The restrictions were due to expire on January 21. The initial ban on non-essential travel across the northern and southern borders began on March 21, 2020 in response to the COVID-19 outbreak. It has been extended several times in monthly increments. The policy may again be reviewed for possible extension in February depending on the status of the COVID-19 emergency. The restrictions do not affect air travel.
US Department of Labor New Wages
The Department of Labor (DOL) has revised and reissued a prevailing wage
rule that lifts wages for H-1B, E-3, and H-1B1 nonimmigrant cases and for the PERM labor certification program. The new rule, which was published on January 14, 2021 in the Federal Register, comes after three federal district courts struck down an earlier fast-tracked version that was published and briefly implemented late last year.

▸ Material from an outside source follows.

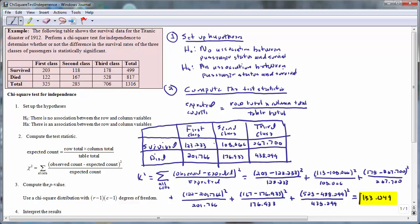This is the value of the test statistic. The test statistic is a measure of the difference between the observed and the expected counts. In this case, we have a pretty large difference.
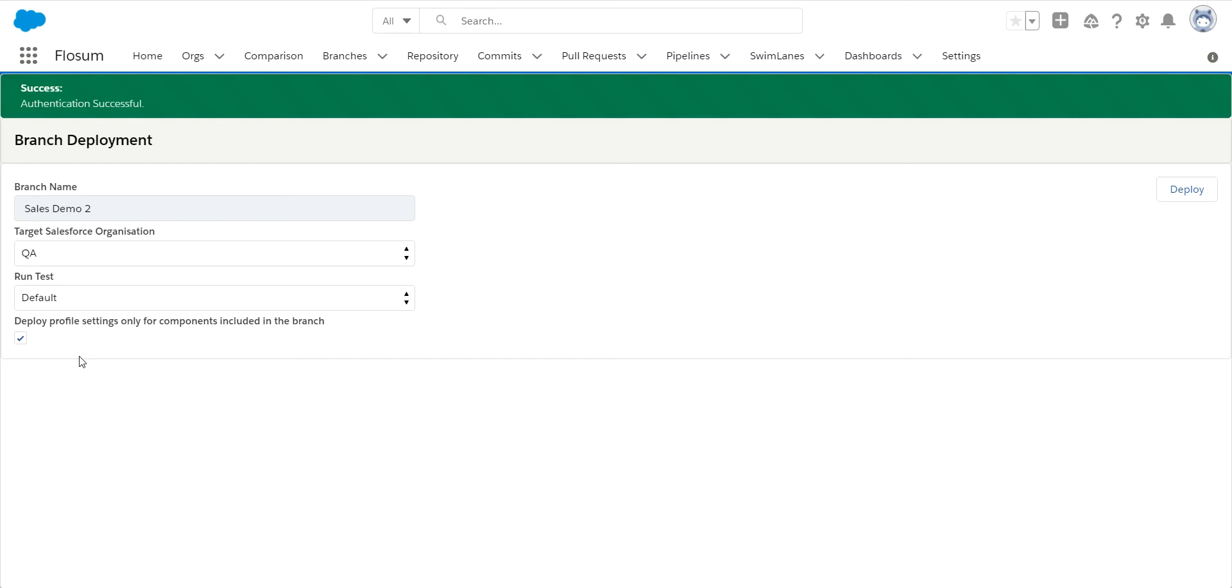So if I have a user profile in this deployment that in my sandbox has over 200 changes that haven't been deployed yet, but only three of them relate to components in this deployment, just those three changes get pushed out, even though that entire profile is listed in here.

The final rule contains significant prevailing wage increases for all wage levels, though the new minimums are not as high as initially sought by DOL. The rule also provides a multi-year transition period which is intended to give employers time to meet the wage increases and makes certain accommodations for H-1B workers who are pursuing employment-based permanent residence. Initial wage increases are set to begin on July 1, 2021. The DOL uses the Occupational Employment Statistics (OES) data from the Bureau of Labor Statistics (BLS) to determine prevailing wages in a wide array of occupations. The prevailing wage rate is defined as the average wage paid to similarly employed workers in a specific occupation in the geographic area of intended employment. The OES prevailing wage is subdivided into four tiers or wage levels, representing the range of skills from entry level (level 1) to experienced (level 4).
Under the revised rule, OES prevailing wage minimums will increase significantly for foreign workers at all four levels of skill and experience. For example, under current rules, the Skill Level I (entry level) wage minimum is set at the 17th percentile of the average wage for the occupation. When the new regulation takes effect, the entry-level minimum will increase to the 35th percentile – just above what is currently the minimum salary for Skill Level II.
Notwithstanding these wage increases, the regulation will permit employers to continue to use alternative wage sources instead of DOL prevailing wage data for LCAs and PERM applications; these sources are not subject to the DOL wage percentiles.
LPR Card Extension Validity Stickers to be Replaced by Revised Receipt Notices
Starting in January 2021,
USCIS will replace the sticker that is currently issued to lawful permanent residents (LPRs) to extend the validity of their Form I-551, Permanent Resident Card with a revised Form I-797, Notice of Action for Form I-90, Application to Replace Permanent Resident Card. LPRs file Form I-90s with USCIS to extend their validity of their LPR cards (green cards).
The revised I-797 Receipt Notice, together with an applicant’s LPR card, will serve as temporary evidence of lawful permanent resident status for 12 months from the expiration date on the face of the LPR card. This notice will be printed on secure paper and will serve as evidence of identity, employment authorization and authorization to return to the U.S. following temporary foreign travel when presented with an expired green card.
Applicants who have already been scheduled for a biometrics appointment will not receive a revised notice but should receive an extension sticker by the Application Support Center (ASC) at their biometrics appointment.
Starting in January, applicants who file Form I-90 to replace an expiring green card will receive the revised I-797 Receipt Notice in the mail approximately 7-10 days after USCIS accepts their application. These applicants will no longer receive a sticker from the ASC at their biometrics appointments.